Прекрасные подземные дворцы, построенные каждый в своем особом стиле, давали богатый материал для сравнения и изучения.
Наши рабочие не были простыми исполнителями архитектурных заданий. Нет. они принимали широкое участие в обсуждении проектов, вникая в детали и внося свои поправки.
Зал станции «Парк культуры и отдыха» |
На одном из партсобраний, посвященных отделочным работам «Крымской» станции, архитекторы станции рассказали о том, как будет выглядеть станция. И здесь этот «специальный» вопрос всесторонне обсуждался и был поднят на принципиальную высоту.

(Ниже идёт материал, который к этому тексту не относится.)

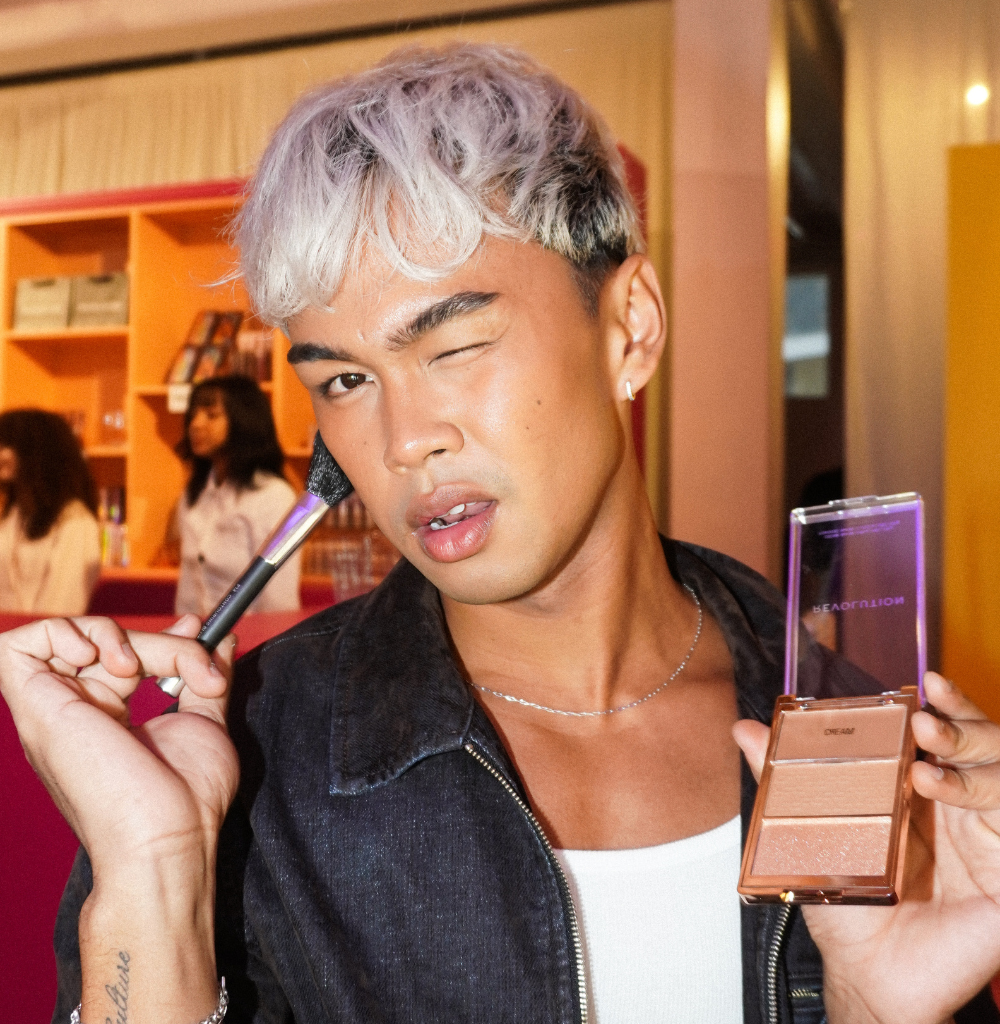 Person applying makeup with a brush while holding a compact powder palette, winking at the camera in a bright room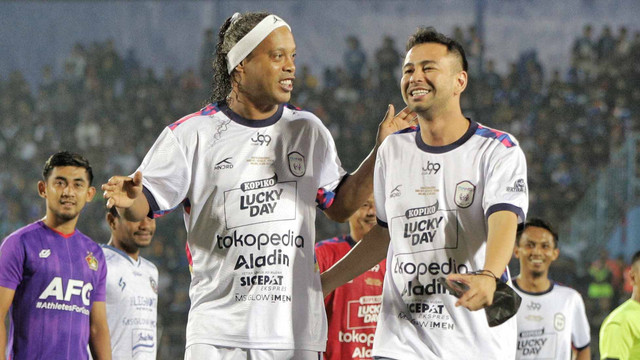 Mantan pesepak bola dunia asal Brasil Ronaldinho (kiri) berjalan dengan Chairman RANS Nusantara FC Raffi Ahmad saat membuka pertandingan Trofeo Ronaldinho di Stadion Kanjuruhan, Malang, Jawa Timur, Minggu (26/6/2022). Foto: Rizal Hanafi/Ds/Antara Foto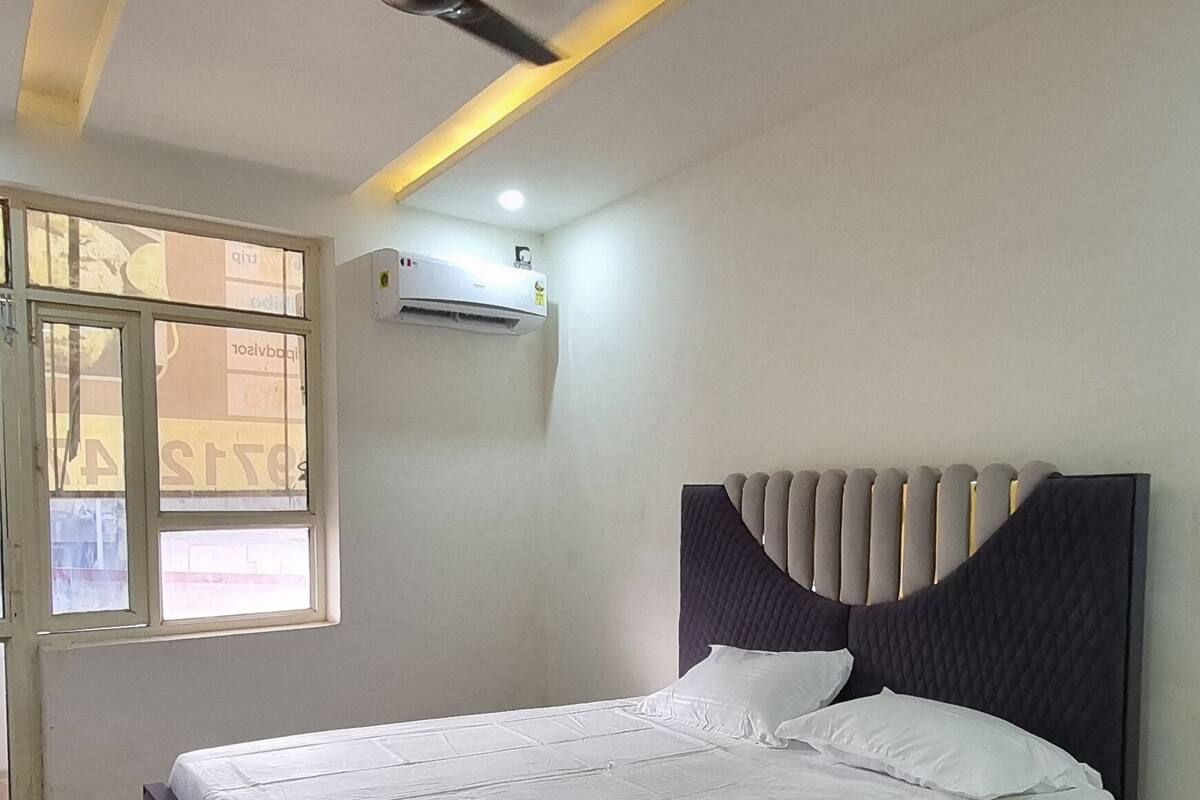 A bedroom with a bed, ceiling fan, air conditioning unit, and a window.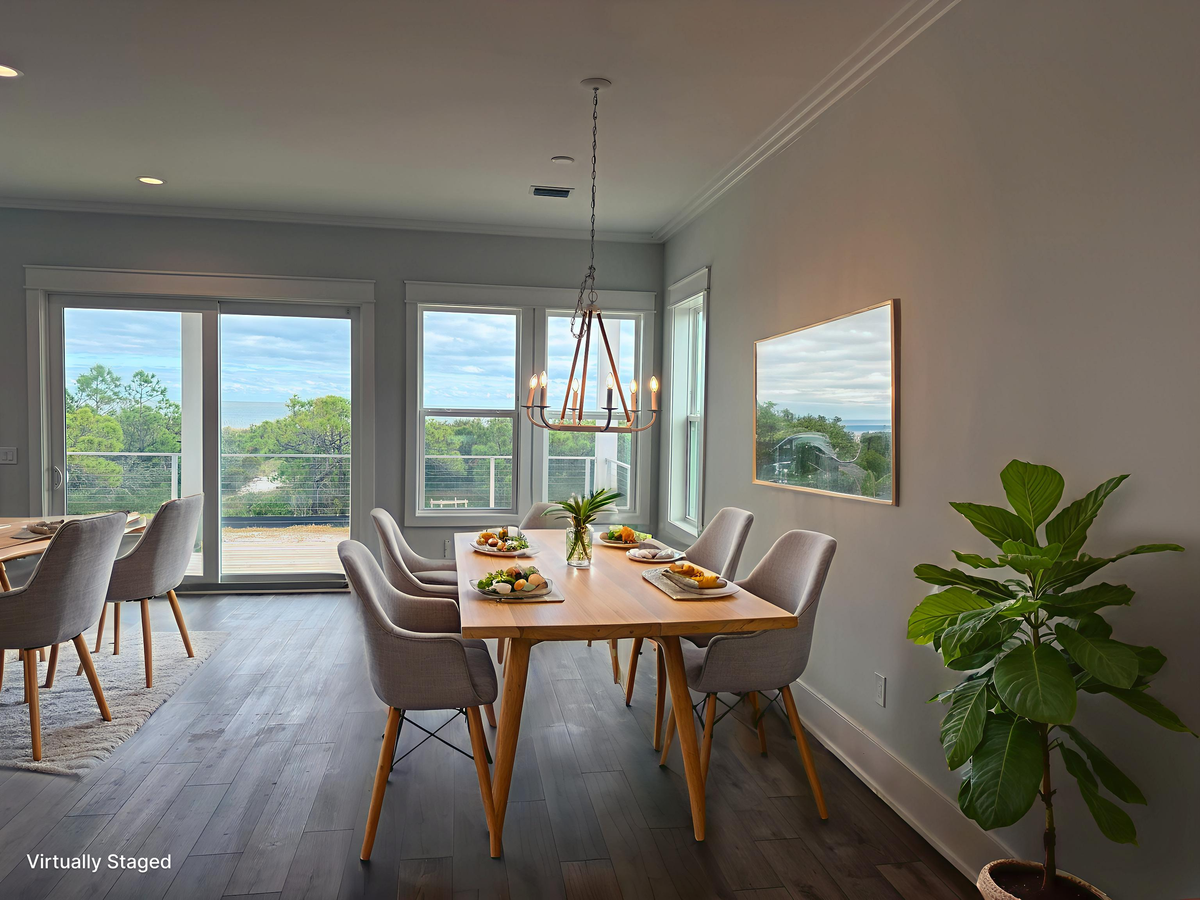 Gather around your elegant dining table where warm lighting and scenic views create perfect moments for memorable meals together.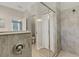 Walk in shower with a glass enclosure and neutral tiled walls at 19340 Bluff Dr, Venice, FL 34292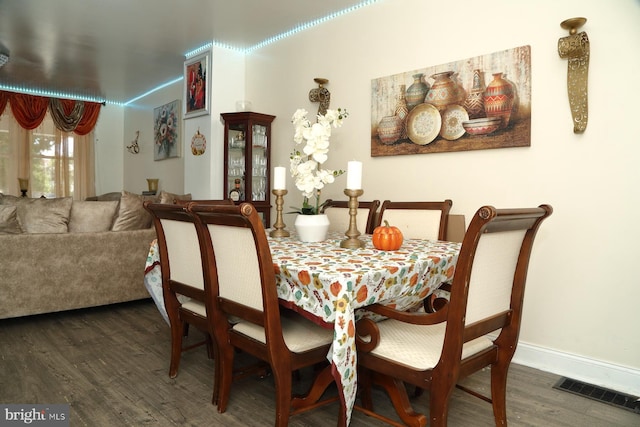 dining area featuring dark hardwood / wood-style flooring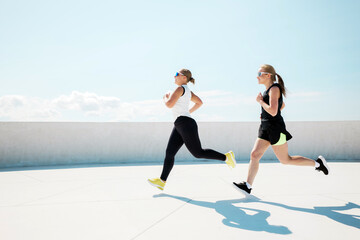 Two women enjoying a vibrant run under the bright blue sky at a rooftop location during the...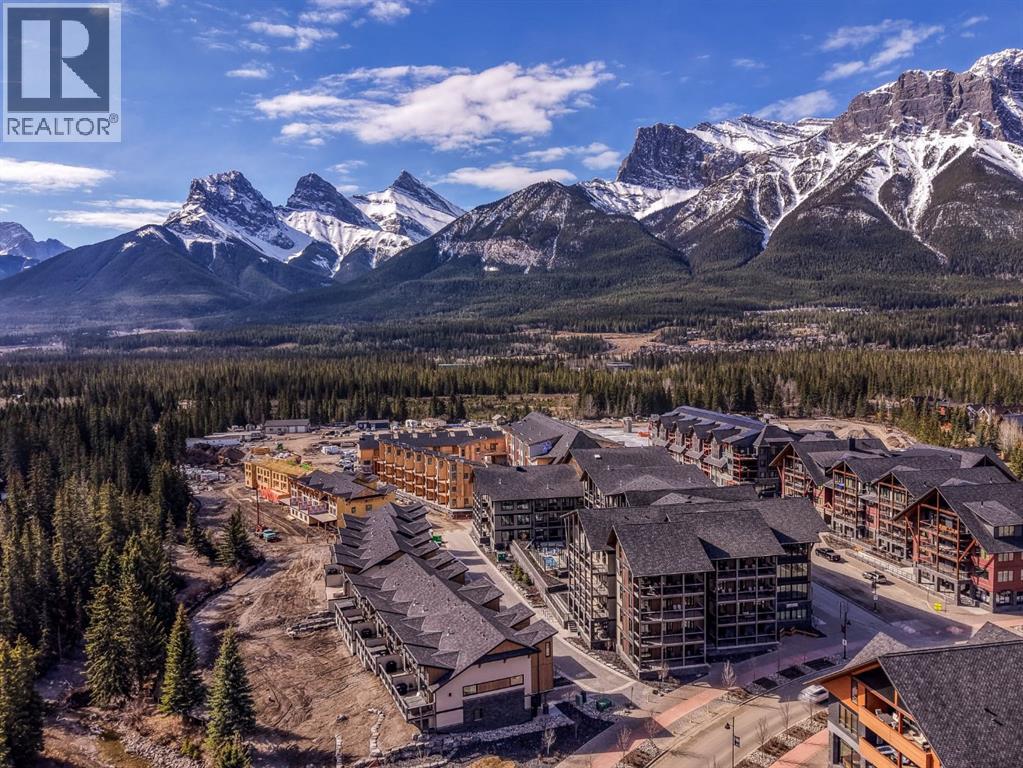 405, 1408 Spring Creek Gate, Canmore, Alberta  T1W 0N5 - Photo 1 - A2306007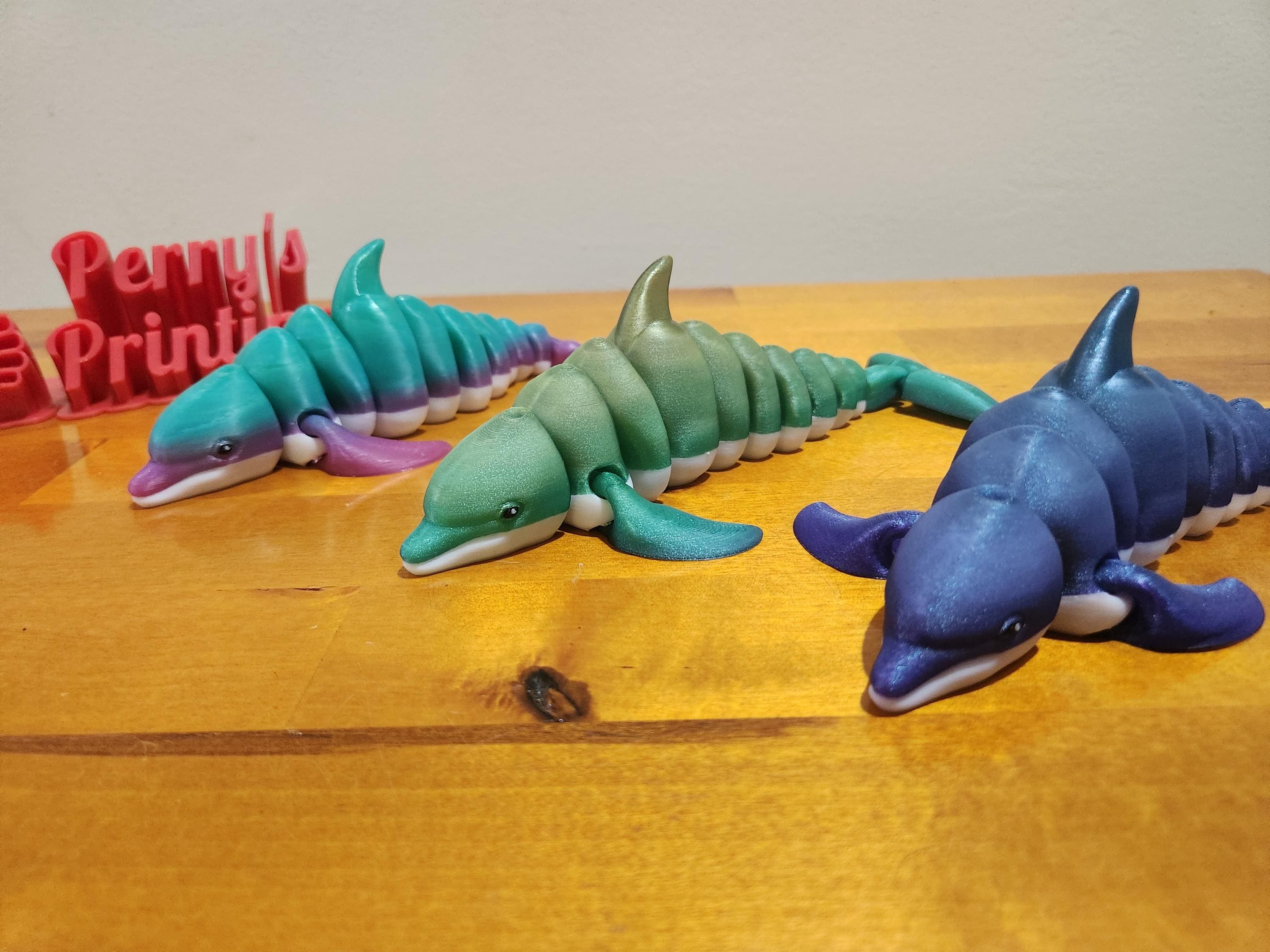 Three colorful 3D printed articulated dolphin toys displayed on a wooden surface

По этому поводу коммунисты говорили о том, как у нас постепенно стирается грань между умственным и физическим трудом.
Вот что говорил коммунист Милюков:
— Мы, рабочие, бетонщики, крепильщики и землекопы, вместе с нашими архитекторами товарищами Крутиковым и Поповым разбираем здесь, как лучше, художественнее оформить нашу станцию. Я считаю, что этот факт следует использовать для агитации на нашей дистанции, показать на этом факте, что мы действительно хозяева и вникаем во все детали, влезаем даже в высокую область архитектуры.
За ним выступил инженер-коммунист Павлов:
— Я читал знаменитого немецкого поэта Гейне. Но и он все же побаивался прихода коммунизма, потому что считал, что когда наступит коммунизм, разорят олеандровые рощи и вместо цветов будут сажать картофель, а в страницы его лучшего произведения старые бабы будущего будут завертывать бобы. Этим Гейне хотел сказать, что мы, коммунисты, не сумеем ценить красоту, искусство, архитектуру. Вот в этом-то он и ошибся. Наше собрание ярко показывает, как мы, коммунисты, вместе с передовыми строителями, вместе с архитекторами внимательно обсуждаем проекты и вносим свои поправки, помогая лучше и красивее оформить наши прекрасные станции.